··· DATASET RECORDS ···

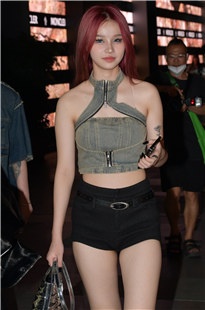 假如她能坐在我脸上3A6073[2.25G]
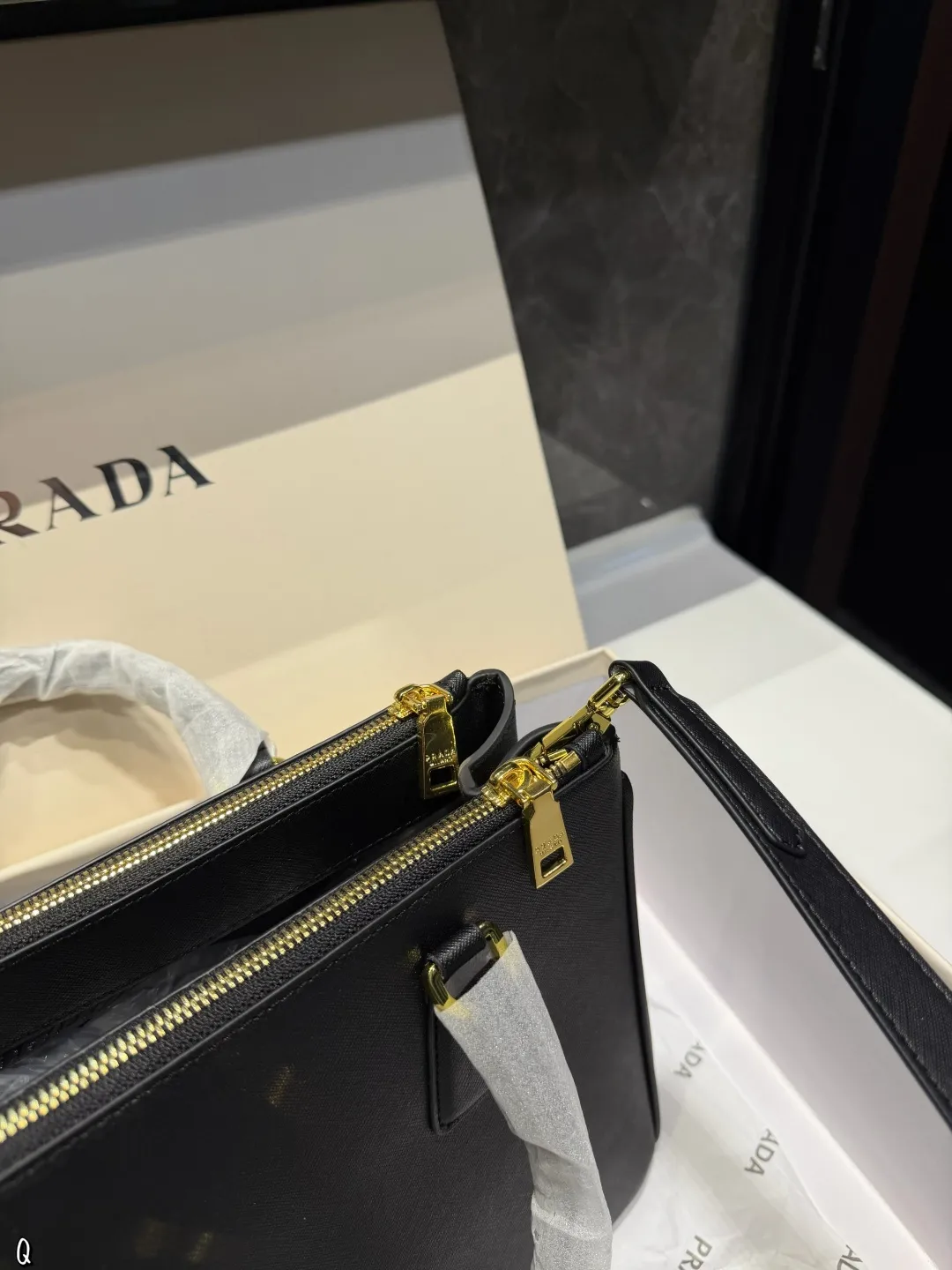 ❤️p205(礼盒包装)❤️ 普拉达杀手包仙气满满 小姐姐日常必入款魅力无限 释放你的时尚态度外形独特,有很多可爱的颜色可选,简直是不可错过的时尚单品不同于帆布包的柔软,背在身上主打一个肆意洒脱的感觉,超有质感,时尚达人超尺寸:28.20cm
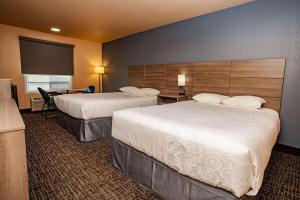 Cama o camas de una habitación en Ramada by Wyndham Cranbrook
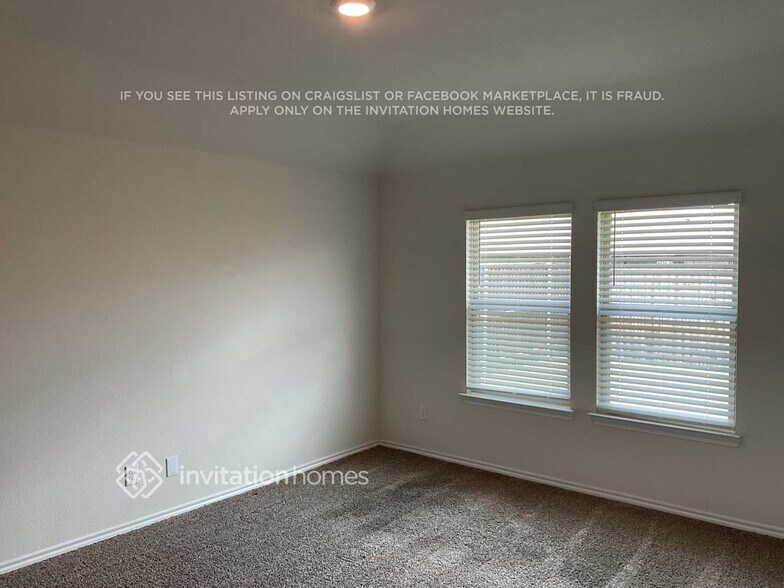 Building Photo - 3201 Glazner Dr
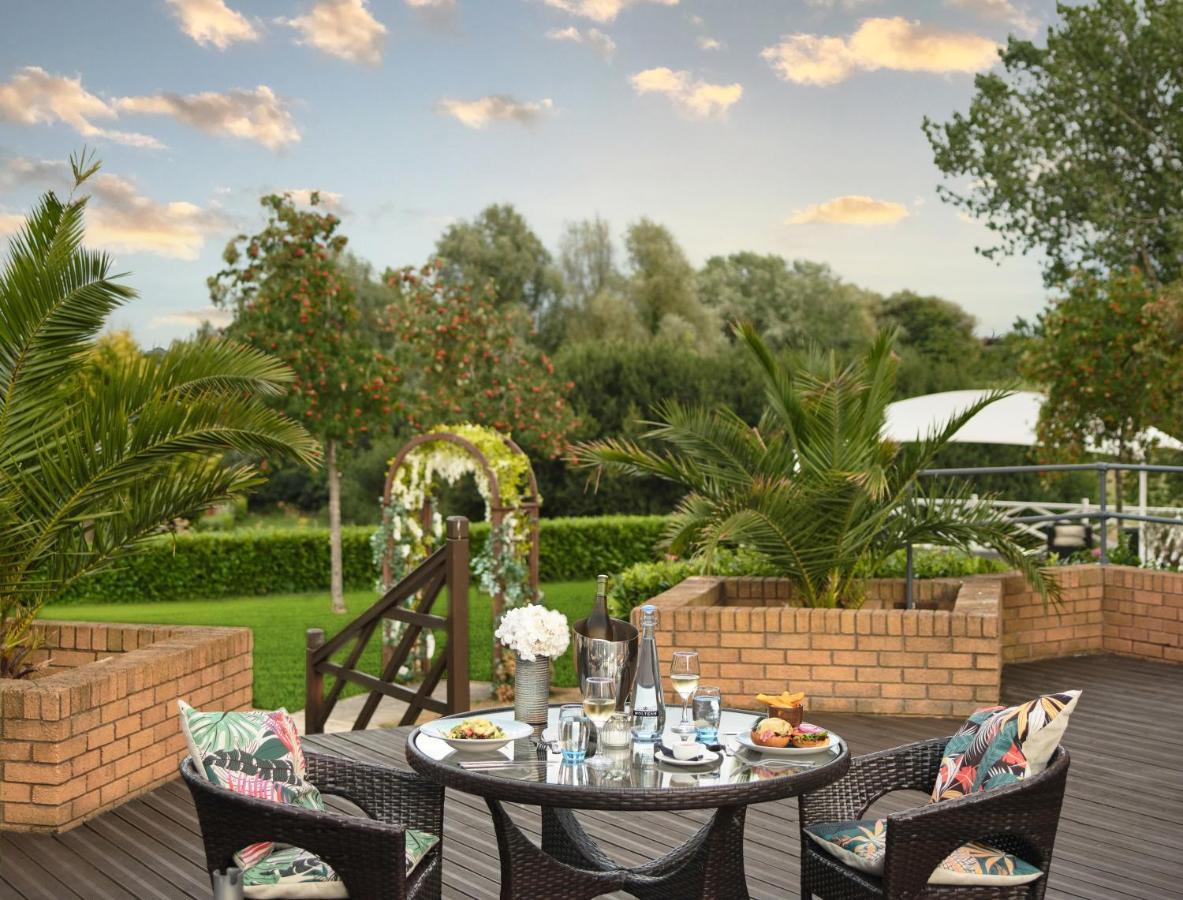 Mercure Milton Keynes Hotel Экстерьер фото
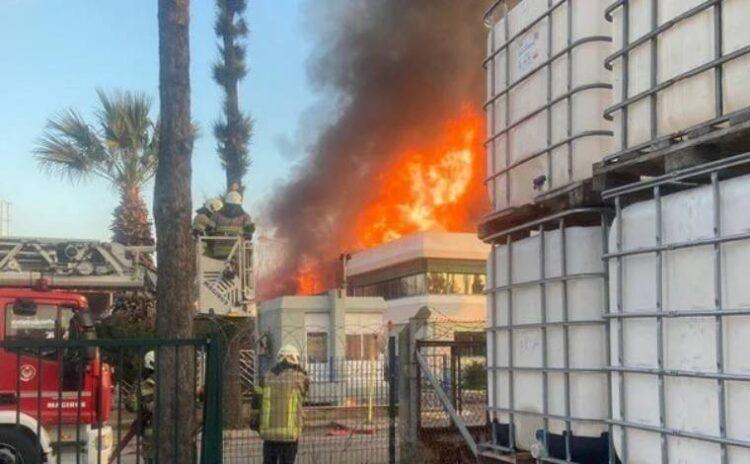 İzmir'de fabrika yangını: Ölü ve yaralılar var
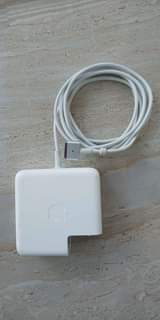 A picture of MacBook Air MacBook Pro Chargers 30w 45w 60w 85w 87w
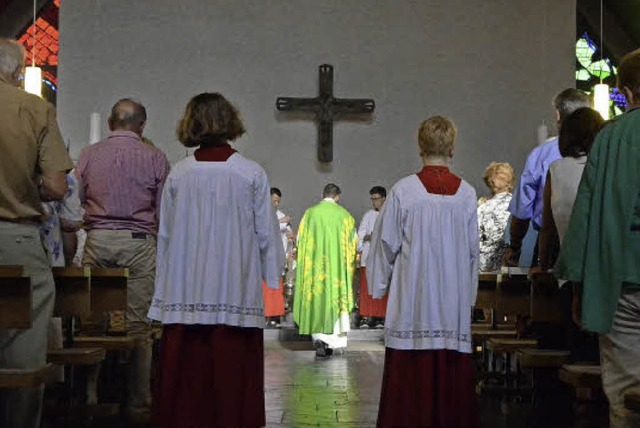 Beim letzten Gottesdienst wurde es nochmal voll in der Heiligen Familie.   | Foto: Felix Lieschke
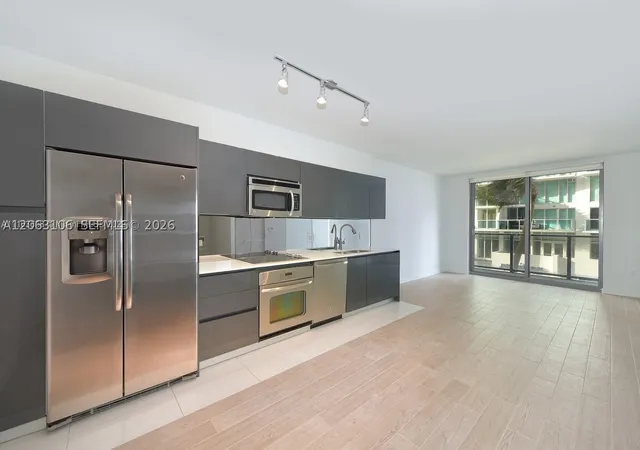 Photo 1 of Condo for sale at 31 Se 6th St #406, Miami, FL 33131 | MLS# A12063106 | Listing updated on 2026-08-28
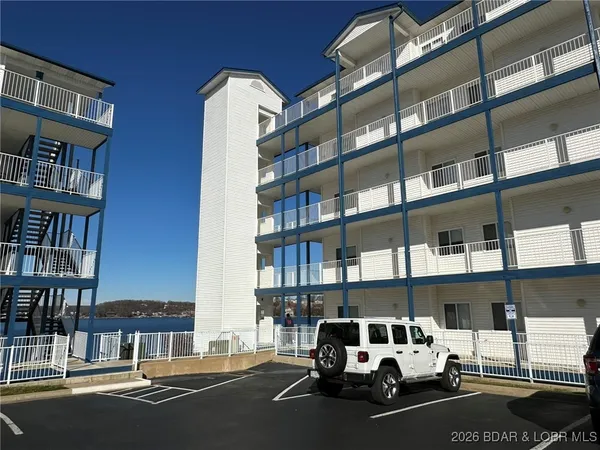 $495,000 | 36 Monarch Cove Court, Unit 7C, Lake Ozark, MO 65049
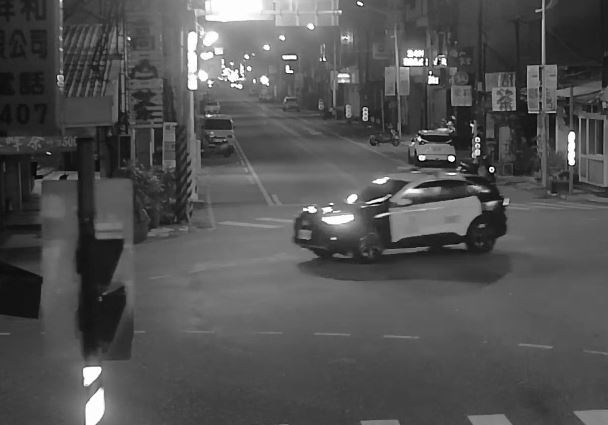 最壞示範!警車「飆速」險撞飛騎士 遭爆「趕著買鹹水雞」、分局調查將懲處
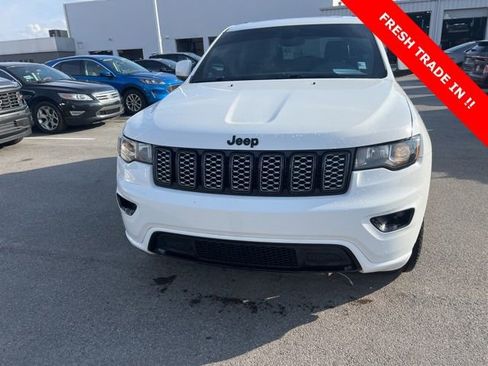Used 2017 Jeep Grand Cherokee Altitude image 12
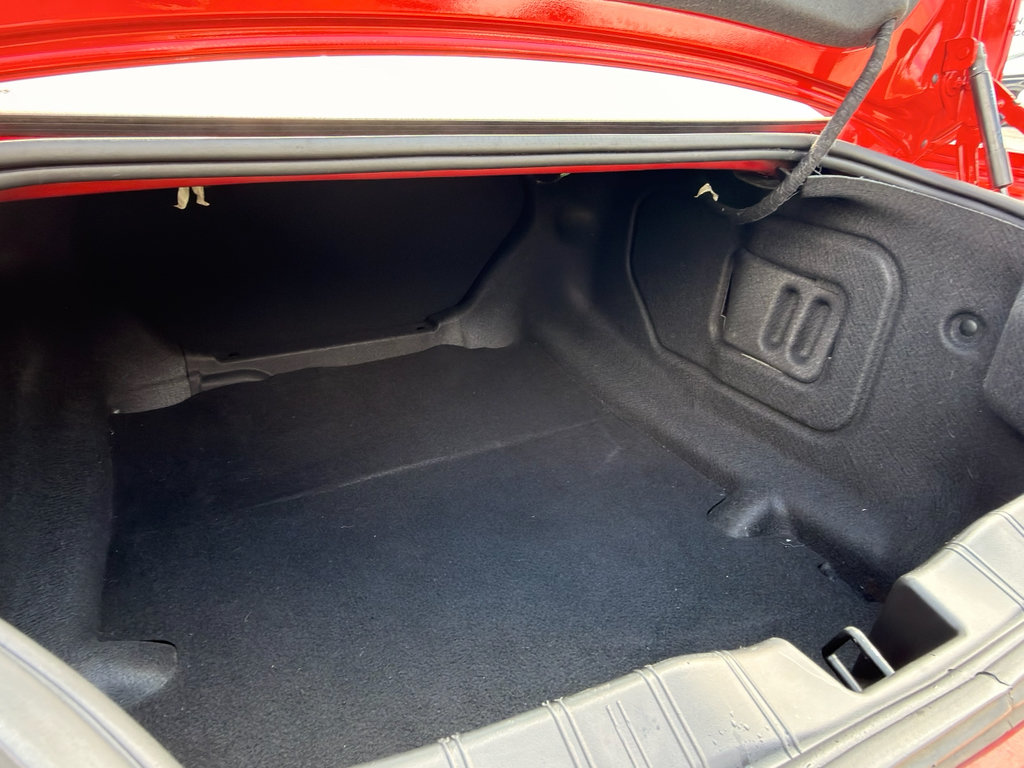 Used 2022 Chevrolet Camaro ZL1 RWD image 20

···

**ASSIGNMENT**
Output the listing unchanged, pictures excluded.

**ANSWER FOR THIS EXERCISE**
 假如她能坐在我脸上3A6073[2.25G]
 ❤️p205(礼盒包装)❤️ 普拉达杀手包仙气满满 小姐姐日常必入款魅力无限 释放你的时尚态度外形独特,有很多可爱的颜色可选,简直是不可错过的时尚单品不同于帆布包的柔软,背在身上主打一个肆意洒脱的感觉,超有质感,时尚达人超尺寸:28.20cm
 Cama o camas de una habitación en Ramada by Wyndham Cranbrook
 Building Photo - 3201 Glazner Dr
 Mercure Milton Keynes Hotel Экстерьер фото
 İzmir'de fabrika yangını: Ölü ve yaralılar var
 A picture of MacBook Air MacBook Pro Chargers 30w 45w 60w 85w 87w
 Beim letzten Gottesdienst wurde es nochmal voll in der Heiligen Familie.   | Foto: Felix Lieschke
 Photo 1 of Condo for sale at 31 Se 6th St #406, Miami, FL 33131 | MLS# A12063106 | Listing updated on 2026-08-28
 $495,000 | 36 Monarch Cove Court, Unit 7C, Lake Ozark, MO 65049
 最壞示範!警車「飆速」險撞飛騎士 遭爆「趕著買鹹水雞」、分局調查將懲處
Used 2017 Jeep Grand Cherokee Altitude image 12
 Used 2022 Chevrolet Camaro ZL1 RWD image 20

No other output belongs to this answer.